More than 5,000 people--most of them employees of drug cartels--were killed last year alone in the Mexican drug wars. Partly as a result of the pervasive corruption within the Mexican government, some analysts warn that the government could collapse and Mexico could turn into a narco-state.

The Mexican government and many of its American media allies are busy blaming American gun owners for the carnage and demanding a host of restrictions on American gun rights: "assault weapons" bans, gun registration, gun-owner licensing, special restrictions on gun shows, gun purchase rationing and so on.
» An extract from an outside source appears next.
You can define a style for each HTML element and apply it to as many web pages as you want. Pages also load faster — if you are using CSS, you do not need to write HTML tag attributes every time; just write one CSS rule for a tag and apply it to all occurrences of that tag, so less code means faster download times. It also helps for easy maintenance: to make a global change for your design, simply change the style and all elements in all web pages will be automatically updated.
Supposedly, these restrictions would prevent guns from being smuggled from the United States into Mexico, supplying firearms for the narcotraficantes.

But all the restrictions in the world have not prevented the Mexican cartels from acquiring grenades, machine guns, mortars and other weapons that are already either prohibited or very severely restricted. The Mexican cartels have gross revenue of about $26 billion a year. Gun smuggling for the cartels is currently a $22 million-a-year business--less than 1 percent of the cartel's revenues. These cartels obviously want weapons, and if a crackdown on law-abiding American gun owners somehow doubled or tripled the cartels' costs of weapons acquisition, the cartels could easily afford to pay the higher prices.

Instead of demanding restrictions on the rights of Americans, the Mexican government ought to begin respecting the rights of Mexicans. Mexico is the kidnapping center of the world right now; even poor people who have no wealth or connection to the drug trade are being kidnapped and held for ransom. Yet the Mexican government allows only the very wealthy and well connected to obtain permits to carry handguns for lawful protection. As a result, ordinary law-abiding Mexicans are easy prey for kidnappers.

Although there is no reason to believe that infringing the rights of American gun owners will help the good people of Mexico, there is every reason to believe that Kerlikowske will soon begin pushing such infringements.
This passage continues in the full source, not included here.